Occurring in approximately 20% of newborns and appears at approximately 2 to 3 weeks of life. Looks like small, red bumps and pustules that are scattered over the cheeks. The forehead, eyelids, chin, neck, and upper chest may also become involved. This type of rash is not harmful to the child. Comedones, which are the typical lesion seen on adolescent acne, are not seen in acne of the newborn.

Underlying cause: Temporary hormonal imbalances, or the involvement of a yeast called Pityrosporum rather than P. acnes (i.e. a bacteria responsible for inflammatory acne). Can be difficult to diagnose accurately due to different, usually temporary and harmless conditions of the skin that often look very similar but have different underlying causes.

Treatment: Can be treated with a topical antifungal or a combination of antifungal creams that the baby's doctor prescribes, however, the condition will most commonly resolves on its own.

Infantile acne

This type of acne is relatively uncommon. Will present as comedones and inflammatory lesions and is similar to the way adolescent acne would look. Usually occur at anywhere from 2 months to 2 years of age or more. Most commonly found in baby boys than girls and the face is typically involved.

Underlying cause: Hormonal factor or a family history of severe, scarring acne.

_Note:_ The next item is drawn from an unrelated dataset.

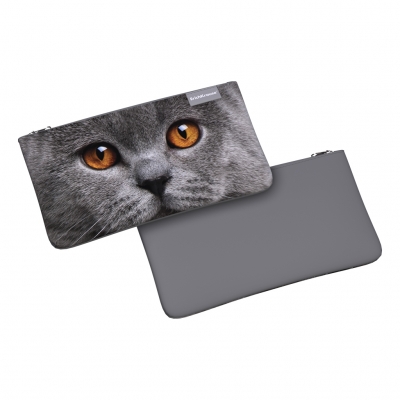 Пенал-косметичка 1 отделение 220х120мм Grey Cat, полиэстер, на молнии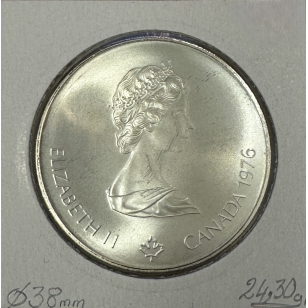 CANADA - 5 DOLLARS 1976 - Monnaie en argent - J.O de... 2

Treatment: Unlike with neonatal acne, early treatment is important in even mild cases, as there is a significant risk of scarring. Infantile acne is usually treated with appropriate oral or topical antibiotics in conjunction with topical benzoyl peroxide (i.e. BP, an antiseptic commonly used topically in the treatment of acne and does not induce bacterial resistance) and low concentration of tretinoin (Retin-A, i.e. a vitamin A family medical compound commonly used to treat acne vulgaris). Tetracyclines (i.e. a class of antibiotics used in the treatment of acne vulgaris) are not used in this age group.